Such reasons include fraud, duress, undue influence, bad faith, or evasion of mandatory provisions of domestic law.
The judge noted that the respondents’ pleadings squarely alleged that the agreements, including the jurisdiction clause, were procured by fraud and coercion, and that the contracts themselves were potentially void.
She, therefore, reasoned that it would be premature and unjust to stay the proceedings or send the case to a foreign court before testing the legality of the very contracts containing those clauses.
“In my opinion, the above remedies warrant this court’s investigation into the legality of the contracts,” she held, concluding that allegations of fraud, economic duress, and undue influence constitute strong reasons for this court to intervene.
The decision: Application dismissed, jurisdiction affirmed
In the final analysis, Justice Rubagumya dismissed the application, ruling that the Ugandan High Court retains jurisdiction to hear and determine the case and any related applications.
She ordered that costs be in the cause, deferring their determination to the conclusion of the main suit
Her ruling was delivered electronically on October 21, 2025, under the Judicature (Electronic Filing, Service and Virtual Proceedings) Rules, 2025, a nod to Uganda’s evolving digital court infrastructure.
Analysis
The Towerco ruling contributes to a growing body of Ugandan jurisprudence, where courts have balanced party autonomy against public policy and equitable considerations.
While Uganda’s Commercial Division traditionally enforces international forum clauses to protect contractual certainty and investor confidence, this case underscores that such clauses are not absolute shields when the contract’s legitimacy is under challenge.
By refusing to enforce the jurisdiction clause at this preliminary stage, the court preserved its inherent power to interrogate allegations of fraud and coercion, a domain that directly implicates Ugandan public policy and statutory integrity.
Legal analysts note that this approach mirrors English and Commonwealth principles: a forum selection clause cannot oust local jurisdiction when the very existence of the contract is impugned.
Implications for cross-border investment contracts
The ruling sends a clear signal to multinational investors and local partners alike: exclusive jurisdiction and governing law clauses must be crafted and invoked with caution.
While such clauses remain essential for predictability in cross-border transactions, they will not override a local court’s duty to investigate fraud or coercion claims.
In practical terms, Towerco and similar investors may face prolonged local litigation before any referral to foreign forums is considered appropriate.
It also offers reassurance to domestic shareholders and employees in multinational ventures that Ugandan courts will not abdicate jurisdiction where local interests, fairness, or legality are in question.
Conclusion: A lesson in contract integrity over contract clauses
In Towerco of Africa & Others v Geoffrey Donnels Oketayot & Others, the Commercial Court reaffirmed that the rule of law and contractual integrity outweigh mechanical enforcement of jurisdiction clauses.

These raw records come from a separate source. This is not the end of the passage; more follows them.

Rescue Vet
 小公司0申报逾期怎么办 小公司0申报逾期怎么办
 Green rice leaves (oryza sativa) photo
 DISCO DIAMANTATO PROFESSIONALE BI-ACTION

By applying the “strong reasons” doctrine, Justice Rubagumya struck a balance between respecting party autonomy and safeguarding justice within Uganda’s commercial environment.
As the substantive suit proceeds, the court’s eventual findings on the validity of the disputed agreements and whether fraud or duress indeed occurred will further test how far Ugandan courts can go in policing global investment contracts executed on local soil.